[systemd-devel] [PATCH] timesyncd: tighten unit file

Tue Jan 27 11:47:49 PST 2015

On 01/27/15 01:54, Lennart Poettering wrote:
> On Sun, 25.01.15 12:23, Topi Miettinen (toiwoton at gmail.com) wrote:
> 
>> There's no need for CAP_CHOWN, CAP_DAC_OVERRIDE or CAP_FOWNER.
> 
> Hmm, that's not true, is it? load_clock_timestamp() is invoked before
> we drop privs in the daemon. And it certainly calls fchmod() and
> fchown(), so that it can later on still access the clock touch file.
> 
> What am I missing?

It works for me because the file exists already with correct owner and
permissions. I'd put CAP_CHOWN and CAP_FOWNER back for now.

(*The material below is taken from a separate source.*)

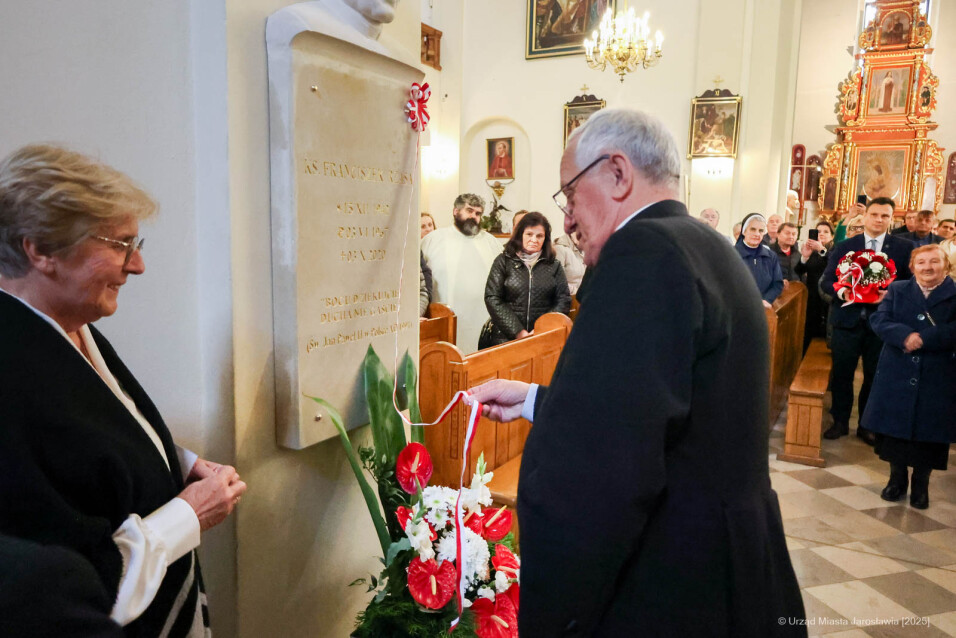popiersie ks. Franciszka Rząsy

Maybe the clock file could reside in a separate subdirectory, then the
directory owner and permissions could be set up already at installation?

> 
>> No new privileges are needed, especially no setuid fixups are
>> expected.
> 
> Yeah, we should probably set this for most of our daemons, not just
> timesyncd. 
> 
> I am not entirely sure how NoNewPrivileges= and "no-setuid-fixup"
> actually relate to each other. I.e. what does one do that the other
> doesn't? And if they do different things, isn't NoNewPrivileges= kinda
> a superset of no-setuid-fixup, and thus makes setting the latter
> redundant?

I think NoNewPrivileges (prctl(PR_SET_NO_NEW_PRIVS)) prevents any kind
of uid/gid changes, while no-setuid-fixup does not restrict uid change
but does not elevate the capability set.

> 
> Reading through Documentation/prctl/no_new_privs.txt in the
> kernel sources I found this paragraph:
> 
>        "Be careful, though: LSMs might also not tighten constraints on
>        exec in no_new_privs mode.  (This means that setting up a
>        general-purpose service launcher to set no_new_privs before
>        execing daemons may interfere with LSM-based sandboxing.)"
> 
> This kinda suggests that SELinux and friends might not like
> NoNewPrivileges=, hence I am not entirely sure it is really the right
> option for us.
> 
> Hence I am wondering if "no-setuid-fixup" (and -locked) might be the
> better option for us to enable everywhere?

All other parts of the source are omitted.